Um surpreendente encontro de duas mulheres nas entranhas de uma caverna mineira marcou a trajetória de cada uma e revolucionou a História da Ciência Mundial. Mais de 10 mil anos separavam essas mulheres e, ao se descobrirem, nos levaram as nossas origens mais remotas Uma precisava da outra para ganhar identidade e se revelar ao mundo. Enquanto a outra precisava da primeira para responder os questionamentos que a levaram a atravessar o Atlântico.

Uma delas é Luzia, mulher que viveu em Minas Gerais há aproximadamente 11500 anos.

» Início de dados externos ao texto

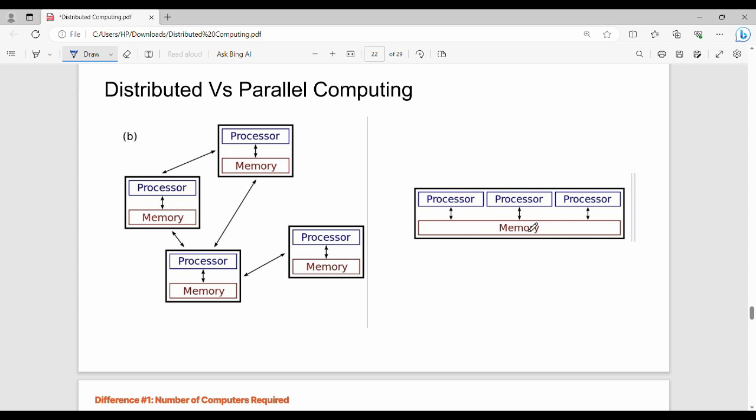Parallel computing is one system with multiple processors. So processors can have shared memory. This is parallel computing.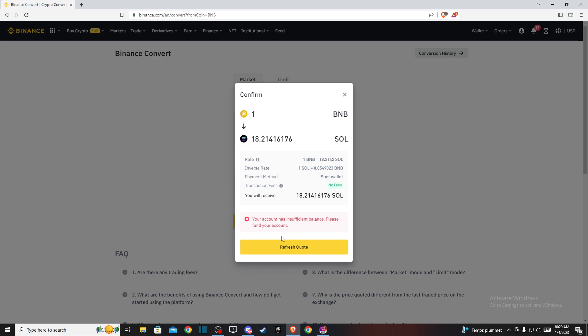And that's pretty much it, what you need to do here if you want to convert BNB to Solana on Binance. So if I helped you out, please press like button and subscribe for more. Take care. Bye.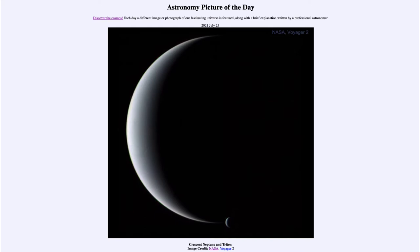Today's picture is titled Crescent Neptune and Triton. This is an image taken back in 1989 by the Voyager 2 spacecraft as it traveled by its fourth and final planet in its grand tour of the solar system.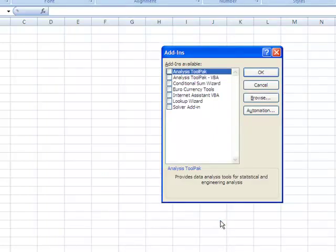You've got a little menu here. We will tick the Analysis Tool Pack and press OK.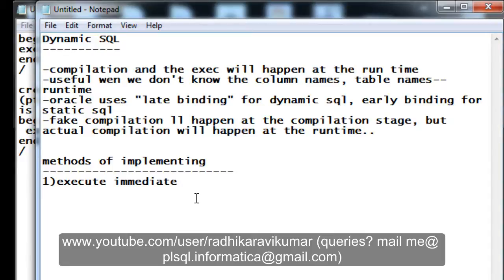Using EXECUTE IMMEDIATE, we can run our DDLs. We know that we cannot directly use DROP or TRUNCATE commands in PL/SQL. So we can use EXECUTE IMMEDIATE for executing DDL commands. We'll see how to work on that in the coming tutorial.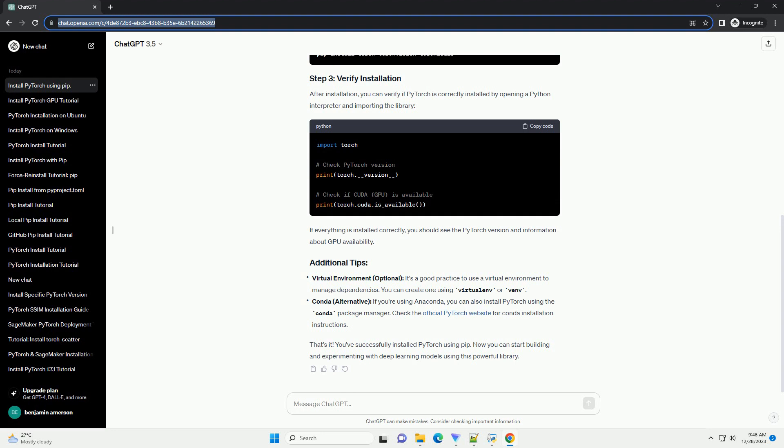After installation, you can verify if PyTorch is correctly installed by opening a Python interpreter and importing the library. If everything is installed correctly, you should see the PyTorch version and information about GPU availability.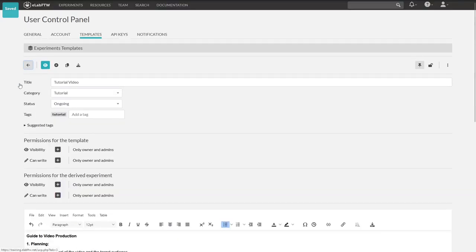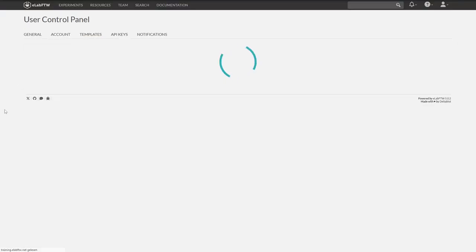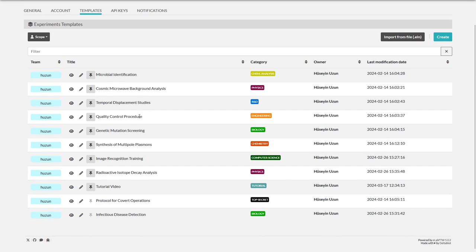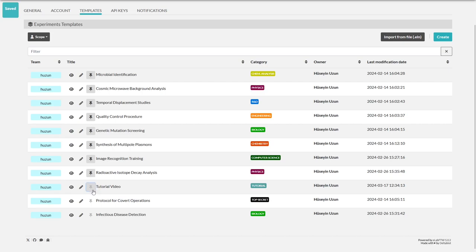Finally, I'd like to point out that when creating a lab notebook entry, only the templates that are pinned will be visible. You can easily pin the templates here or deactivate them.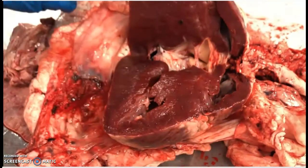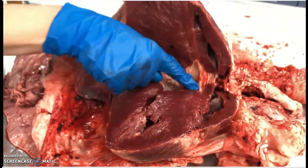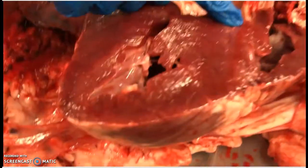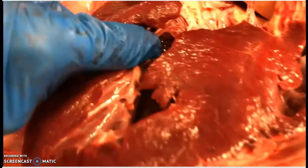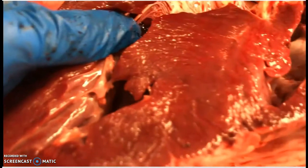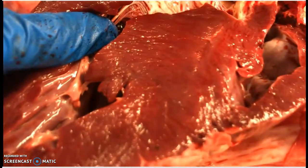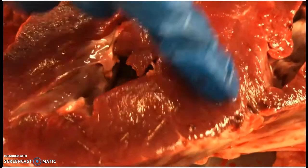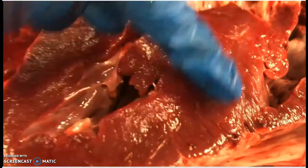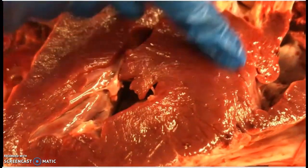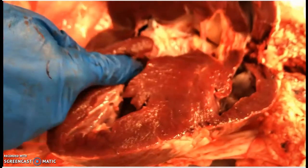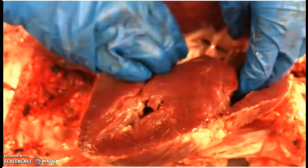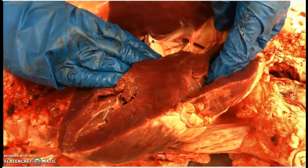Other internal structures: this is the septum. The septum separates your right and your left ventricles. It's a wall between those two chambers.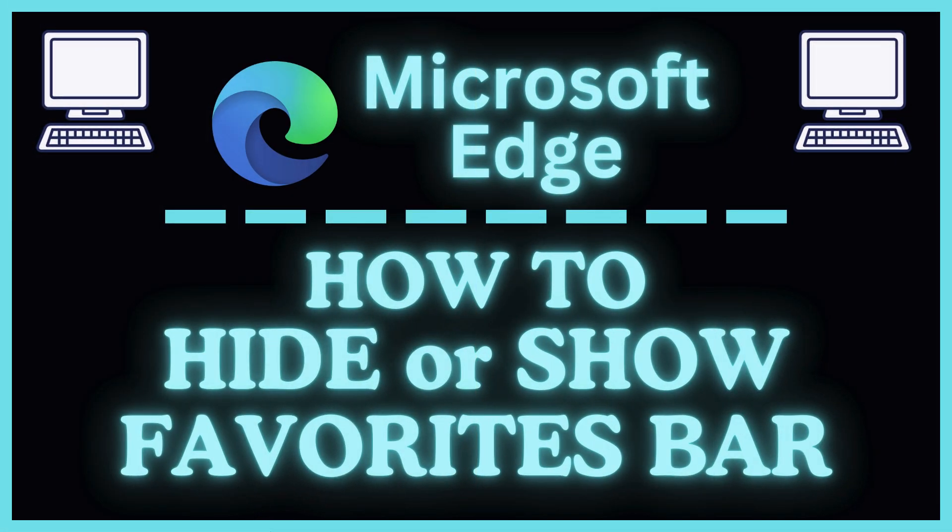This is going to be a video tutorial on how to hide or show the favorites bar in the Microsoft Edge web browser. I will be using a desktop PC for this.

Pertencia a um grupo nômade, morreu com cerca de 20 anos e seu corpo foi encontrado em uma cavidade natural na caverna conhecida como Lapa Vermelha IV, nos arredores de Lagoa Santa. Coberta por mais de 12 metros de sedimentos depositados ao longo dos séculos, Luzia permanecia silenciada e anônima até ser encontrada pela equipe chefiada por outra mulher: Annette Laming Emperaire.

Annette era filha de diplomatas franceses e nasceu em São Petersburgo em 1917, poucos dias antes da Revolução Russa. Ao retornar com a família para a França, graduou-se em Filosofia e especializou-se em Arqueologia, Pré-História e estudo de pinturas rupestres. Durante a Segunda Guerra Mundial fez parte da Resistência, movimento que lutou contra a ocupação francesa pelos nazistas. Foi presa e levada a um campo de conscentração alemão, mas sobreviveu para encarar seus novos desafios. Além das suas atividades políticas, Annette seguia sua trajetória como arqueóloga. As descobertas sobre a antiguidade da ocupação humana na região de Lagoa Santa, iniciadas pelo naturalista dinamarquês Peter W. Lund no século XIX, a motivaram a pesquisar no Brasil.

Sabemos pouco da vida de Luzia até jazer na caverna mineira. Podemos apenas inferir a partir das pesquisas sobre o agrupamento humano do qual fazia parte. Luzia compunha um povo que ficou conhecido como Raça ou Homem de Lagoa Santa. Conviveu com a megafauna extinta composta por animais como tigres dente-de-sabre, preguiças e tatus gigantes, entretanto não caçava esses animais e nem sequer utilizava seus ossos e dentes como matéria prima para seus objetos. A sua alimentação era composta majoritariamente pela coleta de frutos e sementes (araticum, pequi, jatobá, cagaitera, gabiroba, araçá, coquinho licuri) e por alguma caça de pequenos e médios animais (pacas, veados, capivara, ouriço cacheiro, siriema, jacu, tamanduá, cotia, preá, mocó, porco do mato, teiú). Sabemos que seu povo não cultivava vegetais e não fabricava vasilhas de cerâmica. Seus instrumentos líticos eram simples, de pedra lascada. Pela sua idade, Luzia provavelmente teria filhos que compunham seu grupo de deslocamento de cerca de 25 pessoas.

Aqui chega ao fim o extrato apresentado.